REQUIREMENT: Reproduce, unchanged, the lines between the one holding "Оправа Ray-Ban®" and the last line of the records, including both ends, but no pictures.

─── DATA RECORDS

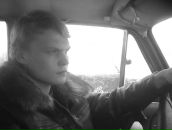 Фотография Лаврова Дениса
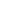 ŵ88(й)ٷվ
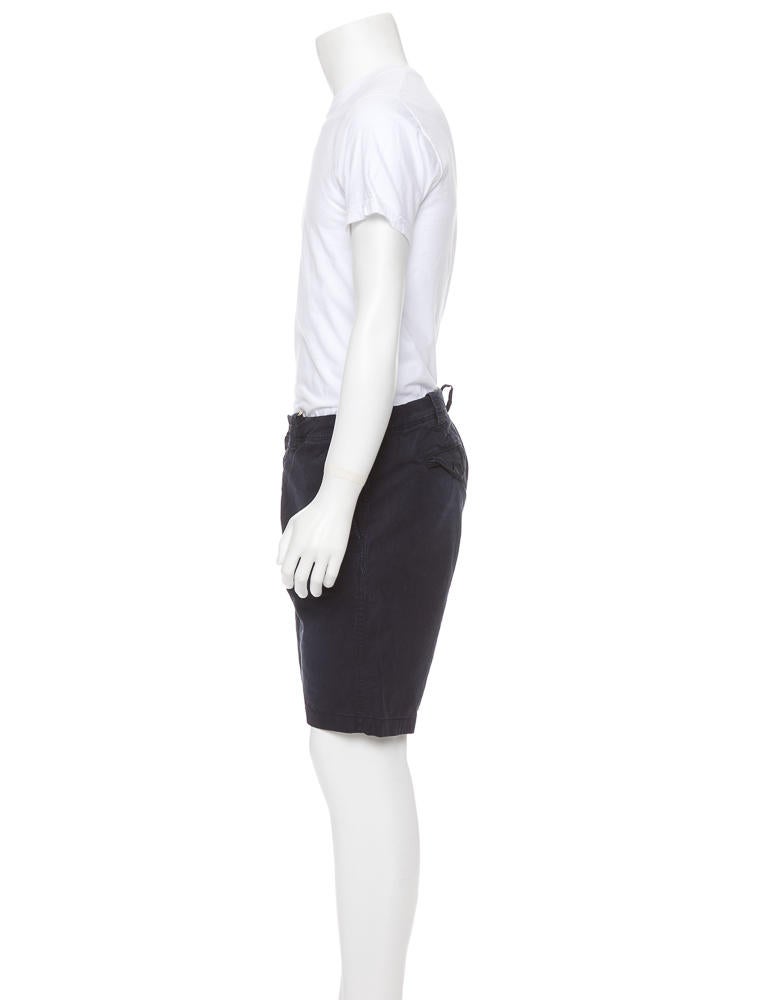 Relwen Brush Shorts w/Tags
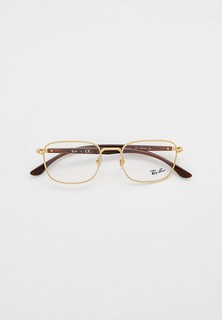 Оправа Ray-Ban®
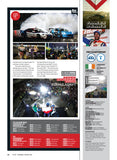 PASMAG #146 Dec 2017 / Jan 2018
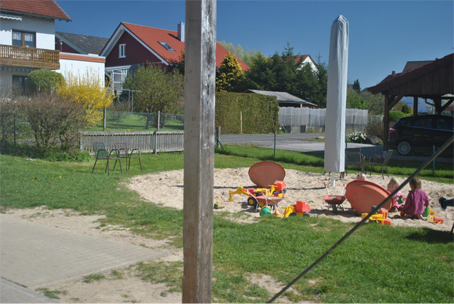 Kita Schönstadt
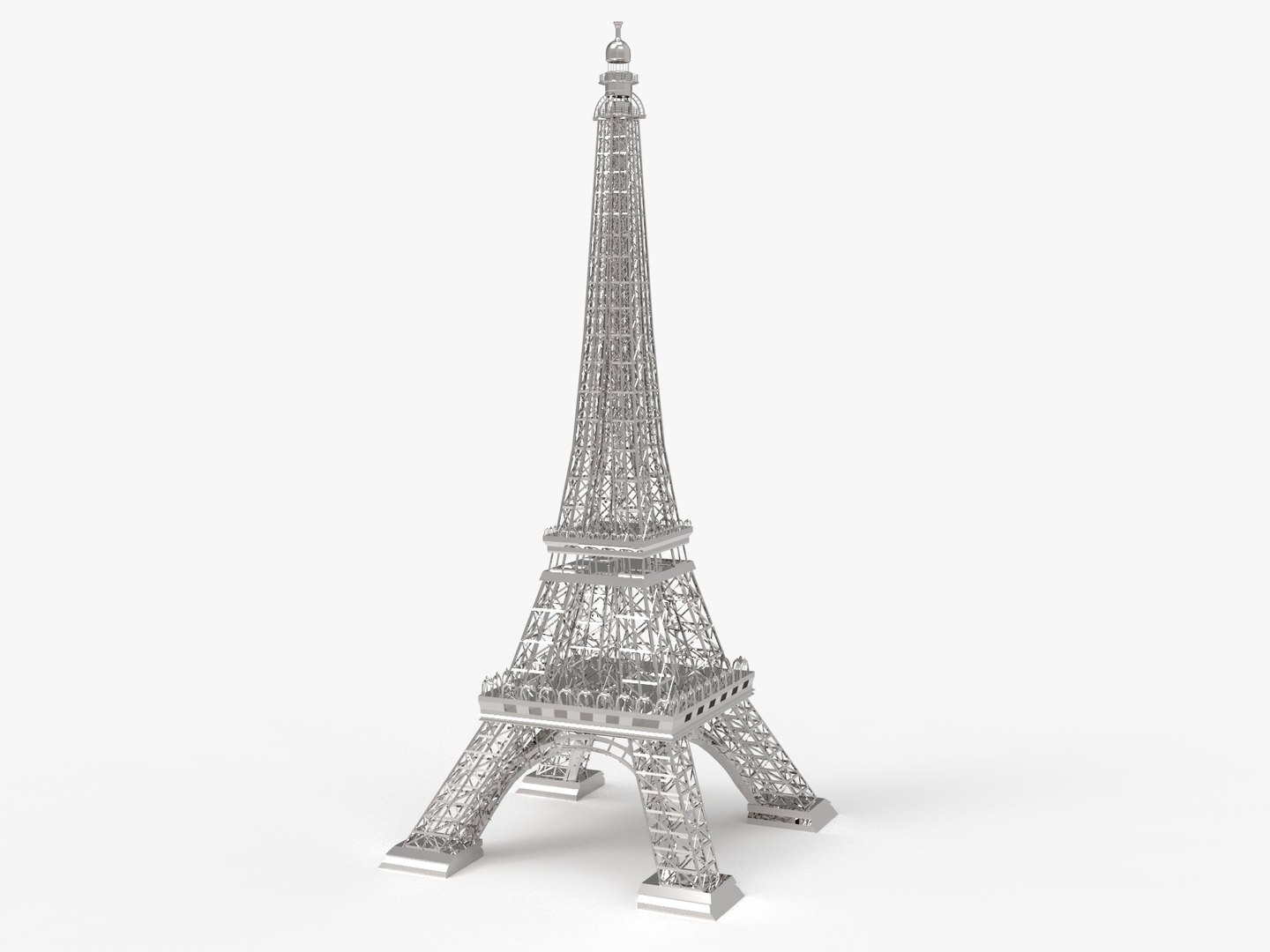 france eiffel tower 3D https://p.turbosquid.com/ts-thumb/oc/Zfe0W0/dORfFhse/0.215/jpg/1563649476/1920x1080/fit_q87/3479d775f6da1cc62f1785a726fdfdbc495c917d/0.215.jpg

──────

SOLUTION FOR THIS EXERCISE:
 Оправа Ray-Ban®
 PASMAG #146 Dec 2017 / Jan 2018
 Kita Schönstadt
 france eiffel tower 3D https://p.turbosquid.com/ts-thumb/oc/Zfe0W0/dORfFhse/0.215/jpg/1563649476/1920x1080/fit_q87/3479d775f6da1cc62f1785a726fdfdbc495c917d/0.215.jpg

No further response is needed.